The low recall@100 relative to hit@10 shows that title-abstract overlap cannot cover the full multi-positive citation set. Many relevant families do not repeat the same short summary vocabulary, especially across domains.

Dense Evaluation Profile

The dense harrier-oss-270m profile reaches nDCG@10 of 0.3786, hit@10 of 0.8950, and recall@100 of 0.5068. Dense retrieval is stronger than BM25 because it can match related invention summaries even when terminology differs.

The improvement is meaningful but not complete. Abstracts are concise and may omit the detailed component relationships that explain citation relevance. Dense models must infer relatedness from high-level technical descriptions.

Reranking Hybrid Evaluation Profile

The reranking_hybrid candidate subset reaches nDCG@10 of 0.3790, hit@10 of 0.8800, and recall@100 of 0.5020. It uses top-100 candidates with optional rank-101 safeguards; eight rows contain 101 candidates and eight safeguard-positive rows are recorded.

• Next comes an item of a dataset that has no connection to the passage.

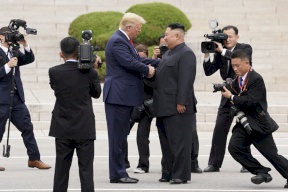 تقرير مثير عن علاقة ترامب غير العادية بكيم: حاول استمالته برحلة خاصة..!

Dense and hybrid are nearly tied by nDCG, with dense slightly higher in hit@10 and recall. This suggests that lexical title-abstract overlap and semantic similarity provide overlapping rather than strongly complementary evidence in this compact split.

Metric Interpretation for Model Researchers

This is a compact summary-to-summary patent retrieval task. BM25 is strong enough to find at least one related family, but dense retrieval and hybrid improve the ability to cover more of the citation set. The key challenge is multi-positive recall from short descriptions.

Researchers should use this split to test semantic patent-summary matching without the confounding effect of very long documents. It is a useful comparison point for the claim and full-text target variants.

Query and Relevance Type Tendencies

Queries and documents are title-abstract records. Positives are cited or technically related patent families under the ALL condition. Same-domain positives may share terminology, while cross-domain positives may require more abstract problem-solution matching.

The short field format favors models that represent the main invention concept, not every claim detail.

Representative Failure Modes

BM25 may miss positives that paraphrase the invention or use broader terminology. Dense retrieval may rank summaries from the same broad technology area above the cited family. Hybrid retrieval may not add much when lexical and semantic signals retrieve similar candidates.

Training Data That May Help

Useful training data includes patent title-abstract citation retrieval, prior-art title-abstract search pairs, and family-level patent similarity data. Training should exclude NanoDAPFAM evaluation families and citation labels.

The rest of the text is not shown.